イリューシャは半袖の上衣をつまみ上げた。
「まず、この上衣の染料―――純白だ。まるで雪で染め抜かれたかのような白。こんな色を自然界から抽出することは我々には出来ない」
服の形状もさることながら、確かにその色は本来有り得ない色だ。そろいの下衣は黒に限りなく近い濃紺だが、その色艶も普通に出回っている染料に出せるものとは思えなかった。
「加えて、これは腰に巻いていた所を見ると帯と見るのが妥当だが」そういって、ベルトを取り上げる。「留め金のある帯だ。つまり、ベルトという奴だ。素材や縫製、処理の仕方は素人目にも大したものだ。治金の技術は一驚に値する。しかもこれは―――」
そういってきららかな金具の部分を指し示し、反対側を持って、鞭やフレイルの要領で振り回した。
「もしもの時には武器にもなりそうだ。護身用をかねているか?アレの住む世界は存外物騒と見える」
そうして、イリューシャは一つ一つ、熱心に検分を続け、触り、掲げ、灯火に透かしたりしつつも未知の物質に対する自分なりの見解を述べていった。
だが、次第にその語調は尻すぼみになっていき、いつしか止まった。
「・・・・シンハ、私は果たして正しい選択をしたのだろうか」
力ない、独白にも似た問いだった。
シンハは最初から召還を試みること自体、消極的だった。そして正直なところ召還に成功した今、振り出しに戻ったどころか余計厄介事が増えたように思える。無論、吉とでるか凶とでるか、まだ決まった訳ではないのだが。
しかし、自分の意見は重要ではない。
己の見解は、イリューシャの判断材料以上のものではない。シンハはそう自分に任じている。

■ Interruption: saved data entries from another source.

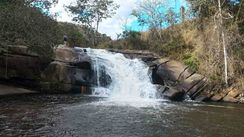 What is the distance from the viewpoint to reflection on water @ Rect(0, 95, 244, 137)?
45.5 feet

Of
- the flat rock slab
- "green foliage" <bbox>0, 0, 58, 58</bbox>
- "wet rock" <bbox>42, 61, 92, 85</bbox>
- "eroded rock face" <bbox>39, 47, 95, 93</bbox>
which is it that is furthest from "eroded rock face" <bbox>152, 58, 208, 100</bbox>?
the flat rock slab

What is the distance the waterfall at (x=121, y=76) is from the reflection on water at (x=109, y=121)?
8765mm

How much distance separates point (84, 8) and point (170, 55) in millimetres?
20311

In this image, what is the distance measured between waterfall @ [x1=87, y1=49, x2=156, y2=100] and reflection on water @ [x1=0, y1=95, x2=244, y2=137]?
28.8 feet

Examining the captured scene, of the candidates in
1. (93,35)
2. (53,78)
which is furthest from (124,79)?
(93,35)

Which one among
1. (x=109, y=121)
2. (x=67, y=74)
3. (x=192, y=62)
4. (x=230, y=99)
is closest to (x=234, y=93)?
(x=230, y=99)

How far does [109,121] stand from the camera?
52.9 ft

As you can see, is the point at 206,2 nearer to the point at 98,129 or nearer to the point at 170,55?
the point at 170,55

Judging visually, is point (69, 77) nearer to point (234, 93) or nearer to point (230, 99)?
point (230, 99)

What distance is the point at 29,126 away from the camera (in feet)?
47.5

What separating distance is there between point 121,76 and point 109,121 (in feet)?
52.6

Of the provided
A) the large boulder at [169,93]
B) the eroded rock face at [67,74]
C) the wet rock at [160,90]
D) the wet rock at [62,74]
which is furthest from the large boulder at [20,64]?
the large boulder at [169,93]

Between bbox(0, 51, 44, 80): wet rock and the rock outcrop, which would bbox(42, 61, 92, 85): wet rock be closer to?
the rock outcrop

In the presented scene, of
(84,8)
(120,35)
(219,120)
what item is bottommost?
(219,120) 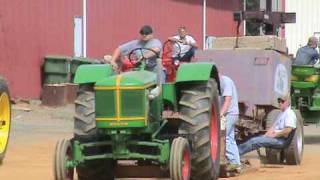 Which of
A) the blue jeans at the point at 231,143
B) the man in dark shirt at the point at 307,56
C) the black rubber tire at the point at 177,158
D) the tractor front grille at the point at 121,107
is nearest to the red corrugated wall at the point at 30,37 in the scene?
→ the man in dark shirt at the point at 307,56

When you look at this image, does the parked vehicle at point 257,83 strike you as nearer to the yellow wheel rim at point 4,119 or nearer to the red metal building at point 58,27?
the yellow wheel rim at point 4,119

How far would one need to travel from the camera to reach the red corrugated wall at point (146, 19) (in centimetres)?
2522

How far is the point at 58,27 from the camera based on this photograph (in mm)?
23594

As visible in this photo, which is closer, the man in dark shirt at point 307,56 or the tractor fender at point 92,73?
the tractor fender at point 92,73

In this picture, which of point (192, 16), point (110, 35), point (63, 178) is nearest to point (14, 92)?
point (110, 35)

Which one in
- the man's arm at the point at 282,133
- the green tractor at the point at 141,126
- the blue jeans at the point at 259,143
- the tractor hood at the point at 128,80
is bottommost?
the blue jeans at the point at 259,143

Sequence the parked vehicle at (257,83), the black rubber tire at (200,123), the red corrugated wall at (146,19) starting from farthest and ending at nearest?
the red corrugated wall at (146,19) → the parked vehicle at (257,83) → the black rubber tire at (200,123)

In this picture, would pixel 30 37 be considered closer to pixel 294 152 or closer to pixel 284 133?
pixel 294 152

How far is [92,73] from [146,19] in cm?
1733

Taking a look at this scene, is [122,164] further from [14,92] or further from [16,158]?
[14,92]

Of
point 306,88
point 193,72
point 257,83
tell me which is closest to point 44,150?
point 257,83

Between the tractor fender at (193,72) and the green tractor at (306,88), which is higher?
the tractor fender at (193,72)

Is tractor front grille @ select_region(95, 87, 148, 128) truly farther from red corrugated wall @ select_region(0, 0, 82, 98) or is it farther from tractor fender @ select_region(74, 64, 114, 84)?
red corrugated wall @ select_region(0, 0, 82, 98)

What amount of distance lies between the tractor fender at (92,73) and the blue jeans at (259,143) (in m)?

「イリューシャ様の選択は、私にとって唯一の選択です」
イリューシャは複雑な表情を浮かべた。
むろん、彼女の欲する答えは分かっている。決意を持って望んだとしても、人は時に迷う。
あれで、良かったのか。本当にそれしか道はなかったのか。最善の選択だったかどうか・・・・等等、今更どうなるものでもないのに、人は己に問い、他者に問い、そしてその実それは問いではなく、確認なのだ。誰でもいい。追認して欲しいのだ。自分が本当に正しかったという事を承認して欲しい・・・迷えば、迷うほど、その役目を他者に強要する。

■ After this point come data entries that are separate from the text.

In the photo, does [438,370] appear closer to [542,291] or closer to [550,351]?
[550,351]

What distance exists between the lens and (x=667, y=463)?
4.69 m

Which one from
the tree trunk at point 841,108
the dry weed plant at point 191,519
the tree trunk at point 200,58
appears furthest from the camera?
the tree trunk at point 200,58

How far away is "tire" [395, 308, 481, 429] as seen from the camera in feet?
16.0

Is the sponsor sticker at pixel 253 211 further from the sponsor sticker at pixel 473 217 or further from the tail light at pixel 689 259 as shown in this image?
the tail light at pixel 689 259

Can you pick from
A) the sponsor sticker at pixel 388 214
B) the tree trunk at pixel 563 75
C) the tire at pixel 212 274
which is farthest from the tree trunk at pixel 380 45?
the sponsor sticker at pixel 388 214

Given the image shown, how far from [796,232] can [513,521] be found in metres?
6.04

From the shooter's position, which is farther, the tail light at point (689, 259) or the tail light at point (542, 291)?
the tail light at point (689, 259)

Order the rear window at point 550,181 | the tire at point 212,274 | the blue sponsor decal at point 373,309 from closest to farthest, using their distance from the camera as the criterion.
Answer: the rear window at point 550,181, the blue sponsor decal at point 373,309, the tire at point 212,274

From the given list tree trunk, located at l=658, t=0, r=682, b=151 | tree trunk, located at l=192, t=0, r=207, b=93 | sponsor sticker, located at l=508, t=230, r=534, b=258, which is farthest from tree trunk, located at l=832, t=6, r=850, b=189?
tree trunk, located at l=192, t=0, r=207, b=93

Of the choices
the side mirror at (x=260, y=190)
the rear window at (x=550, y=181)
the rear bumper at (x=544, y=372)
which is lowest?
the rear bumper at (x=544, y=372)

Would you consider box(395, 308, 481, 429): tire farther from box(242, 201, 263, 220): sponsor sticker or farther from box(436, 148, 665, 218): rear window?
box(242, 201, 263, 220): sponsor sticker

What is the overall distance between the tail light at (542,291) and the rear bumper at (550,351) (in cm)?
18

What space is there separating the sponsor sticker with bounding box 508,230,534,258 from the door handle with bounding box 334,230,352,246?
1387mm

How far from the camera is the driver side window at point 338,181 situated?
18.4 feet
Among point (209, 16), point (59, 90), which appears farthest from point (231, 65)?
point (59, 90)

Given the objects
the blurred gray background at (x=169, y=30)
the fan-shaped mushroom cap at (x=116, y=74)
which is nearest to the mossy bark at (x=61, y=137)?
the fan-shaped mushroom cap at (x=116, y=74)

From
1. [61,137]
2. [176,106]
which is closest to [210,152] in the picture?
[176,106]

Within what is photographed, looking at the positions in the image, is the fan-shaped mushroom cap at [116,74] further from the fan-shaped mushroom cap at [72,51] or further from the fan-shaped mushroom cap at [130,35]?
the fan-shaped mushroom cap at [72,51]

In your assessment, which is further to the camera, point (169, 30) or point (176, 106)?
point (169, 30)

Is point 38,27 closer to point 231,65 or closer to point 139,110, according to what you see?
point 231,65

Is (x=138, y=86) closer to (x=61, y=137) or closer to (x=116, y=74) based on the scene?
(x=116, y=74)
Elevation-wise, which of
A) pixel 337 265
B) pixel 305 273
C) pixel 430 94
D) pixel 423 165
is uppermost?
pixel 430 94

そして、その役目をシンハは引き受けるつもりはなかった。年若い、子供といってもいい目前の主人を甘やかすのは簡単だった。親族の少女に対するように、接する事が出来るのなら、シンハとてそうしたかった。
守り、甘やかし、自分の庇護化におけるものなら、そうしていたかもしれない。だが、そのような依存の関係は結果的に彼女の強さを奪いかねないし、自分の地位や力量は、イリューシャにまつわる問題から彼女を守りきるには、あまりにも足りない。なによりも、そのような私情と独占欲にまみれた関係性は、健全ではないし、主従関係に許されるものでも許されるべきものでもない。彼女と自分、双方のために。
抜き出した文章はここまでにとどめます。